Display the first few samples of the Dataset

fig,ax  = plt.subplots(1,5,figsize=(20,10))
for i in range(5):
    ax[i].imshow(inputs[i])
    ax[i].set_title("Label: " + str(labels[i].item()))
    ax[i].axis('off')

# The Dataloader class handles all the shuffles for you
# The batch size determine how many samples are shown to the GP, as well as the test dataset size. 
loader = DataLoader(data(inputs,labels), batch_size=150,shuffle=True)

The fundamental assumption of GP classification is that of the latent function $\boldsymbol{f}$. Comaparing this to regular logistic classification makes it quite obvious. In logistic regression we take a set of weights $\boldsymbol{w}$ and dot product it with our input $\boldsymbol{\Phi}$ which is the design matrix of our input data. With this dotted signal, we can then shove it through a sigmoid to attain a proabability of the output. Rather than just fitting the parameters $\boldsymbol{w}$, GP classification assumes the input to the sigmoid is distributed via GP prior. An example of this can be seen below. First I created a grid over the input space, then used that to attain the kernel matrix.
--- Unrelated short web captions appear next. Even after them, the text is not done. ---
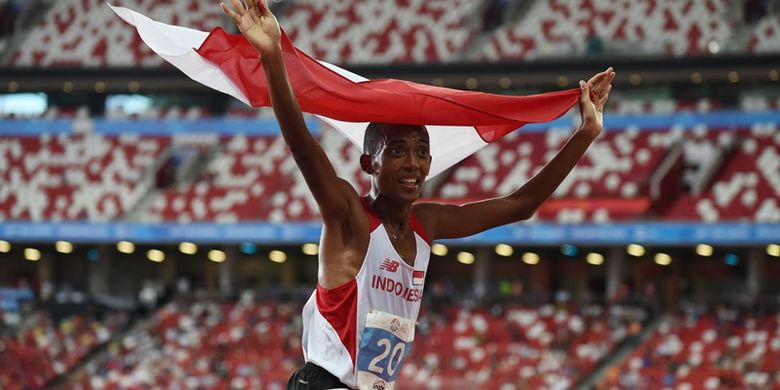 Pelari Indonesia, Agus Prayogo, mengibarkan bendera Indonesia setelah mencapai garis finis lomba lari 10.000 meter SEA Games 2015 di Singapura, 10 Juni 2015.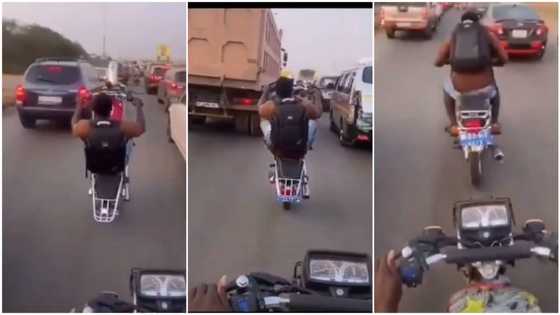 Video captures man using okada like power bike, he rides it on busy road with 1 tyre, people react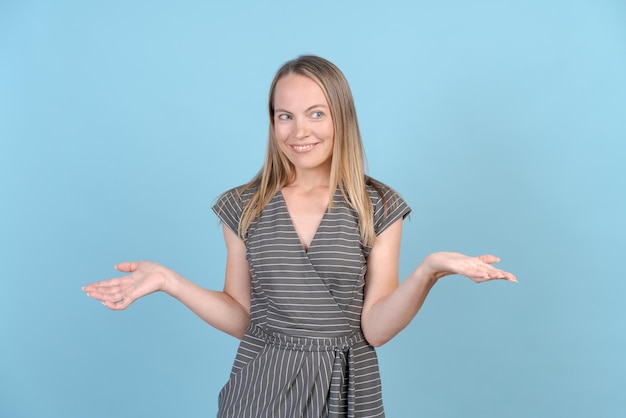 Surprise and shock Female half portrait isolated in Blue Studio Cute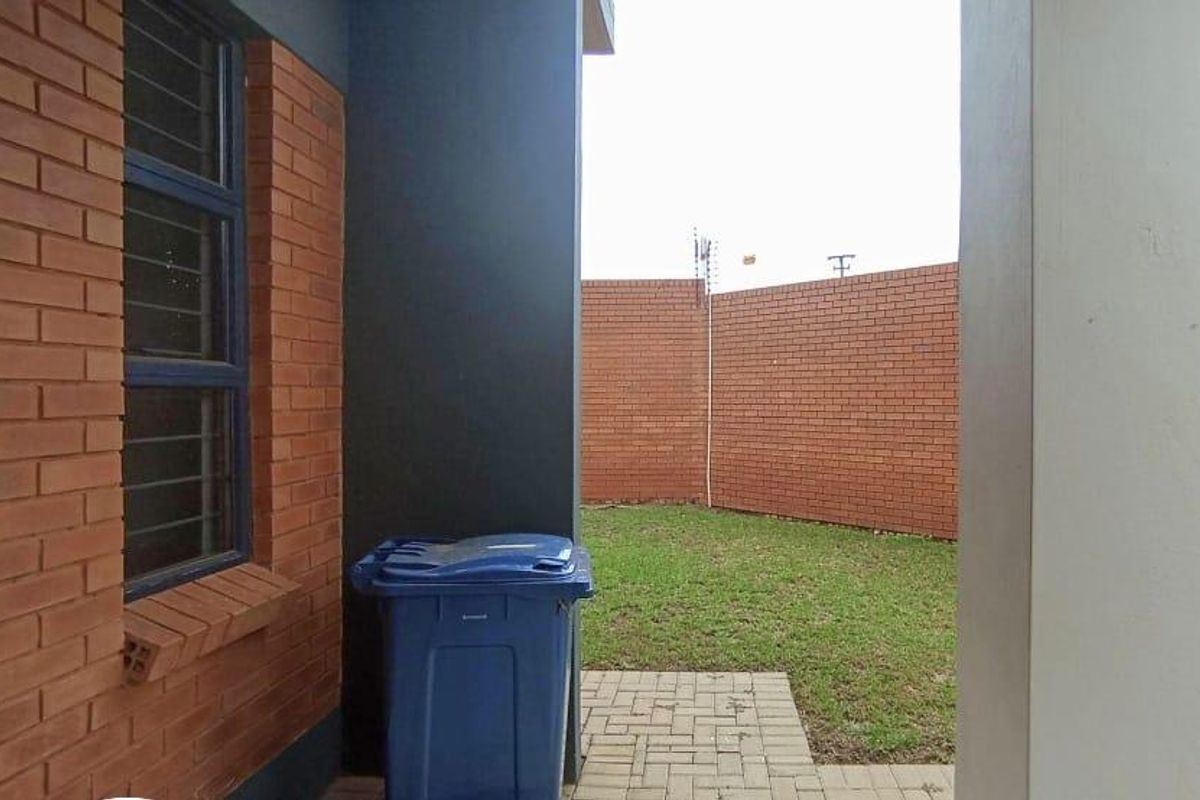 A view of the rear garden area featuring a paved walkway, brick boundary walls, and a covered patio section.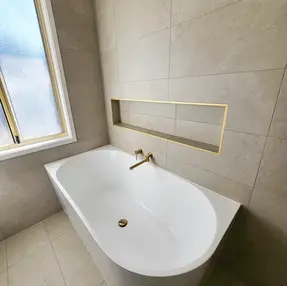 bathtub featured in modern bathroom renovation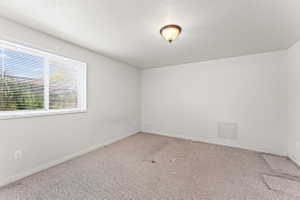 Carpeted spare room with baseboards and a textured ceiling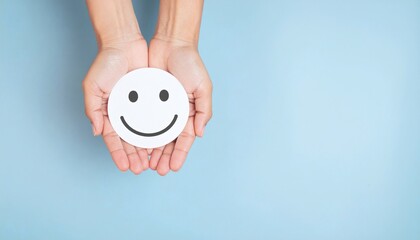 A person holds a white smiley face in their cupped hands against a light blue background, conveying a sense of mental health and positivity.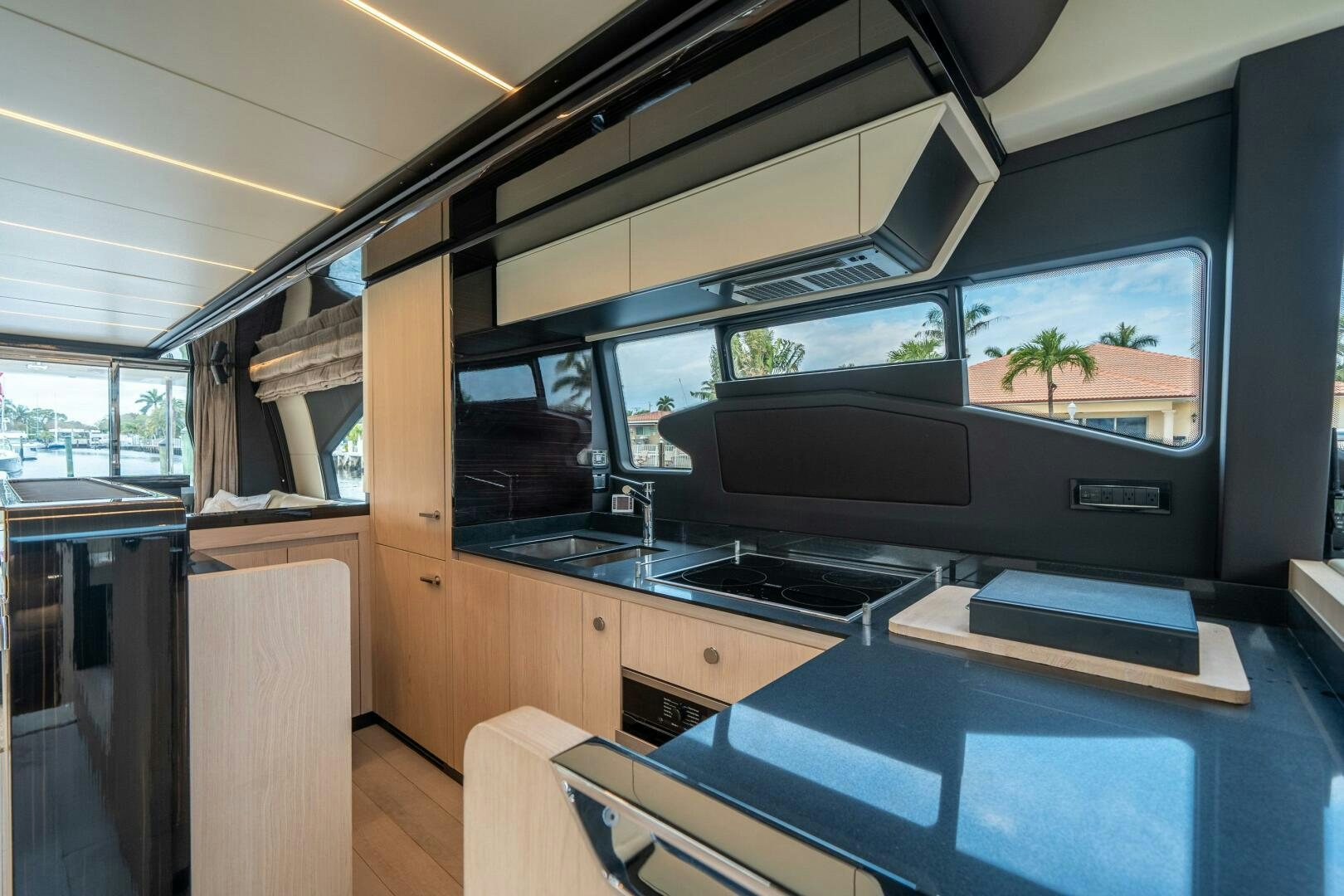 a kitchen with a large window aboard VELOCITY Yacht for Sale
Second I sampled a multivariate Gaussian with covariance $K(X,X)$ to get the samples in function space $\boldsymbol{f}$. With this you can simply squeeze it through a sigmoid to attain probabilities. This is the forward problem for GP classification, it parallels with randomly sampling a set of weights in logistic regression according to some prior distribution on them.

matplotlib.rcParams.update({'font.size': 20})
Xs = torch.linspace(-5,5,100).unsqueeze(dim=0).T
Kxx = K(Xs,Xs,1,2.35,0) 
Fs = torch.from_numpy(np.random.multivariate_normal(np.zeros(len(Kxx)),Kxx.numpy()))
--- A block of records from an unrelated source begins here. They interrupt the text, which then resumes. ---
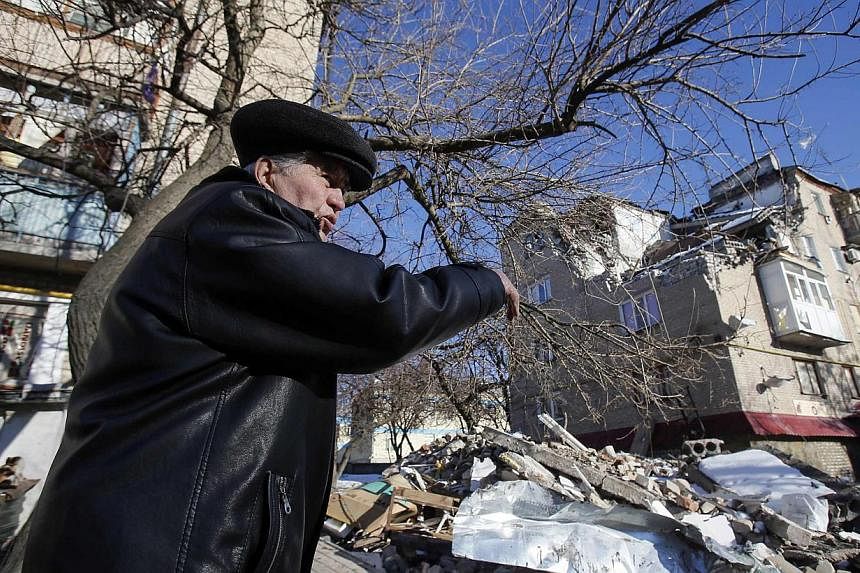A local resident points at a house damaged by a shelling in the town of Dokuchayevsk, south of Donetsk, Feb 12, 2015. -- PHOTO: REUTERS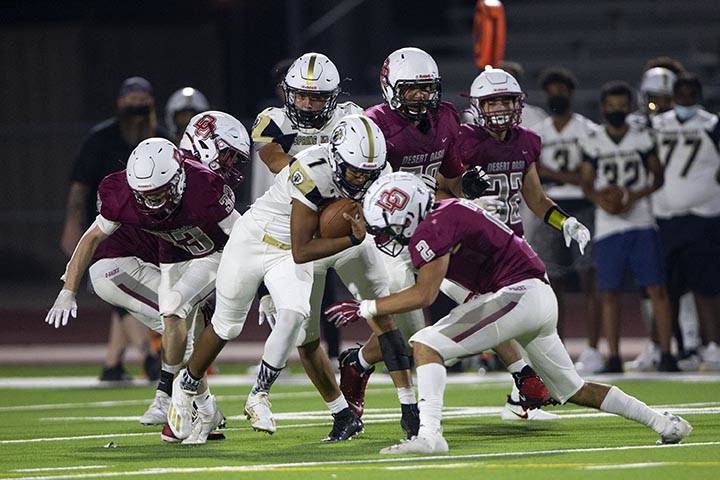 Spring Valley quarterback Ti'Shaun Ereaux-Jackson (1) is about to be tackled by Desert Oasis wi ...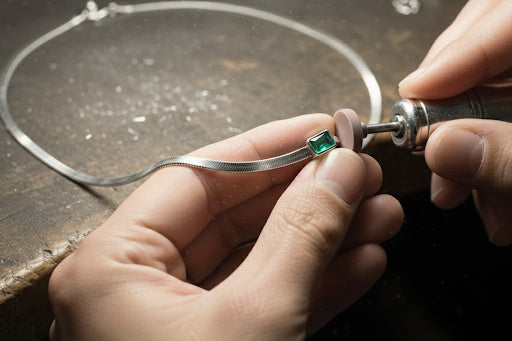 A close-up of an artisan hand-polishing a bezel-set emerald on a silver herringbone chain, illustrating the detailed hand-finishing process of Montkai jewelry.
fig,ax = plt.subplots(1,2,figsize=(20,10))

ax[0].plot(Xs,Fs)
ax[0].set_ylim(min(Fs) - 0.2, max(Fs) + 0.2)
ax[0].set_ylabel('Latent Function, $f_\*$')
ax[0].set_xlabel('x')
ax[1].plot(Xs,torch.sigmoid(Fs))
ax[1].set_ylim(- 0.2, 1.2)
ax[1].set_ylabel('Class Probability, $y = \sigma(f_\*)$')
ax[1].set_xlabel('x')
ax[1].plot(Xs,np.zeros(len(Xs)),alpha = 0.25,color='r')
ax[1].plot(Xs,np.ones(len(Xs)),alpha = 0.25,color='r')
ax[1].plot(Xs,0.5*np.ones(len(Xs)),alpha = 0.4,color='r',linestyle='dashed',label='Decision Boundary')
plt.legend()
plt.show()

C:\Users\hsull\AppData\Local\Temp\ipykernel_16228\1858434126.py:4: RuntimeWarning: covariance is not positive-semidefinite.
  Fs = torch.from_numpy(np.random.multivariate_normal(np.zeros(len(Kxx)),Kxx.numpy()))
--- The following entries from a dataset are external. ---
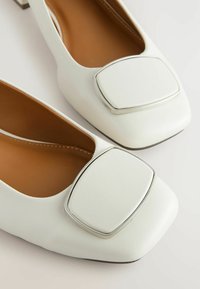 Ballers en cuir blanc avec un bout carré, présentant un grand accent carré en argent à l'avant et une doublure intérieure lisse marron.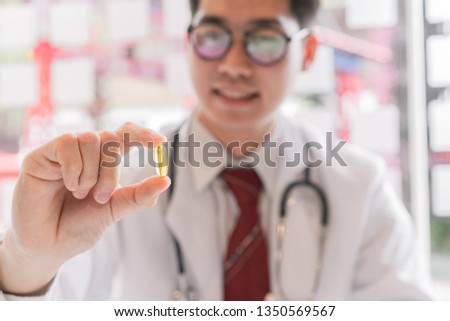Male doctor holding fish oil pill in hand.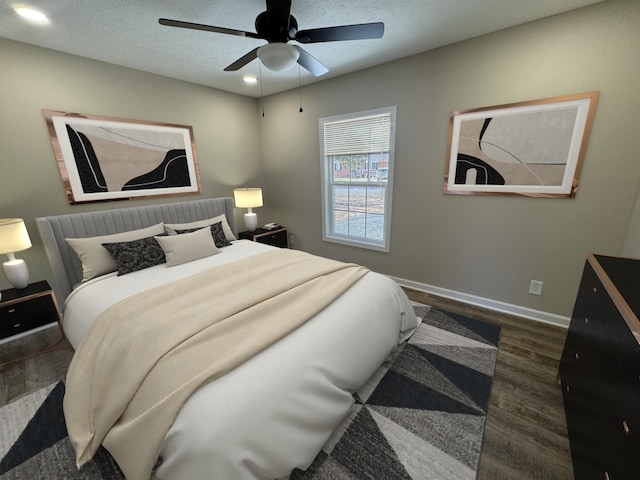 bedroom featuring baseboards, a ceiling fan, wood finished floors, a textured ceiling, and recessed lighting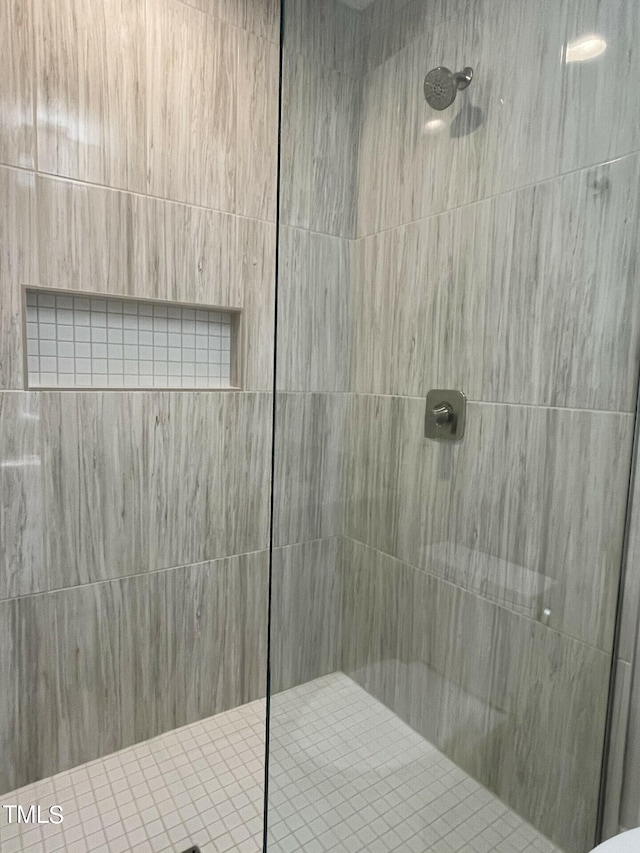 bathroom with tiled shower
Within GP classification we can treat the function $\boldsymbol{f}$ as latent. In that we dont observe the function values. These types of functions/parameters gain the title of nuisance. The goal is not to nescicarly know the nuisance, but it does help formulate the problem in a more simple manner. The end goal will be to integrate out the nuisance and attain it’s expectation. Consider the dataset at hand, MNIST. We don’t know what function maps us from the image vector to its feature space $\boldsymbol{f}$. However, we do know what the labels on the numbers are. This puts us in an interesting position comapared to regular GP regression. We have to inform our function values $\boldsymbol{f}$ through only observations of their category $\boldsymbol{y}$. The first step in computing a posterior on the predictions $\boldsymbol{\pi}_*$ will be to attain the latent function values of the new datapoint $\boldsymbol{x}_*$. Using the rules of probability, we can take our probability $p(f_*|\boldsymbol{X},\boldsymbol{y},\boldsymbol{x}_*)$ and write it in terms of the latent function $\boldsymbol{f}$.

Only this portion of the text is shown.